Acrolab has been engineering cooling solutions for over 70 years. Our team evaluates your current challenges to bring you the best engineered cooling solution possible. Based on our extensive history and knowledge base, multiple proprietary technologies can be utilized to develop the most optimized solution for your application. Our range of applications span temperature ranges from cryogenic (-150°C) to super heated (800°C).
Some of our application solutions include:
Heat sinks, cooling plates, Isobar heat pipes, vapour chambers, fluid cooling systems, air cooling systems, cooling platens, cooling blocks, cabinet cooling, tool and mould cooling, parts cooling and support services that include engineering, prototyping and thermal simulations.
In the plastic injection manufacturing process our Isobars® can effectively enhance the capabilities of heat transfer from the tool surface to the cooling media, resulting in a much more cost-effective and efficient process.
Not only does this allow for a more optimal design of the cooling system, it also reduces hot spots and minimizes scrap caused by warping or under-fill.
The mold’s thermal properties are dependent on the quality of the tool steel used and can significantly affect the heat transfer of the molten plastic as it is injected into the mold. Acrolab’s cooling systems are proven to be extremely effective at reducing cooling times both locally and generally. The thermal conductivity of tooling steel used for most injection molding applications is limited due to its inherent physical attributes, however, an engineered Isobar heat transfer system can significantly improve the thermal performance of plastic injection molds
Accelerated cooling is a result of the addition of baffles to our standard Isobars®. The ability for Acrolab to provide custom built baffle Isobars to replace your standard baffles designed into your cooling circuit will noticeably increase the overall cooling rate in the plastic injection process. The enhanced performance of baffle Isobars is related to the same rapid, two-phase heat exchange provided by standard built Iosbars and requires no additional work on behalf of your design team, just add them to your bill of materials.

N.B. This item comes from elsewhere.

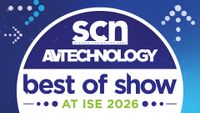Best of Show at ISE 2026 SCN and AVT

As is the case in many tool, die and mold applications, complex geometries are difficult to address with respect to sufficient cooling channels and channel access to inserts and slides inside the mold. The channel cross section is again circular, which can result in problems where the distance of the edges of cooling channel to the mold surface is not consistent, resulting in uneven cooling.
By considering Acrolab’s conformal cooling products and Isobar technology into custom additive manufactured tools, inserts and slides, moldmakers and processors can now achieve the next level of cooling performance. Benefits presented by additive manufacturing technologies, and more specifically the enhanced performance of conformal cooling made possible by Acrolab’s innovative technologies, can be implemented with your team to create the optimal design for your next project.
The Isobar® Heat Sink works using natural convection by taking advantage of the Isobar® Heat Pipe’s ability to transfer and dissipate heat efficiently and effectively. It offers low thermal resistance and high power capability – a superior benefit for modern electronics operating at or over the 100-watt level.
• Ability to transport heat at a high rate over considerable distance with extremely small temperature drops
• Constructional simplicity
• Exceptional design flexibility
• Requires no external power (passive two-phase heat transfer)
• Makes efficient use of space
Acrolab’s high efficiency Isobar® Cooling Modules are capable of dissipating up to a 120 watt load with a 12°C temperature drop. Isobars carry heat to the cooling fin stack, where it is dissipated to the surrounding air by forced convection. Cooling modules offer low thermal resistance and high power capability. Isobars manufactured by Acrolab are typically copper, copper wick or sintered wick and water charged design that operate in any orientation.
Acrolab analyzed the performance of the cooling chamber inside a pre-preg manufacturing machine and provided modifications to the design to improve it. A detailed report summarizing the findings and recommendations to the machine build was proposed and sent to the client. This solution solved their cooling problem on their new prototype pre-preg machine.
The objective of this case was to develop an engineered solution for the cooling chamber as part of a complete industrial part washer system. Acrolab engaged one of our technology partners to assist with the project and we completed a detailed heat transfer analysis on the cooling system.
Acrolab’s vapour chamber technology utilizes the principle of a two-phase, evacuated heat exchanger. An evacuated and sealed void within the die under the mold is machined so that the void extends to a constant wall section below the mold face. Working fluid is then introduced into this void. This innovative application of using a two-phase, evacuated heat exchanger concept causes the vapour to transfer the latent heat within the void uniformly to the tool working face.
Acrolab’s unique cooling systems for material processing applications enhances the thermal performance of your molding platform. Accelerated cooling is achieved by integrating one or more technologies that typically complement your existing systems and equipment. As an example, for one of our standard manufacturing applications we offer a hybrid solution; fluid is pumped through an embedded coil inside a chamber, removing the heat and causing the mold working face to cool rapidly.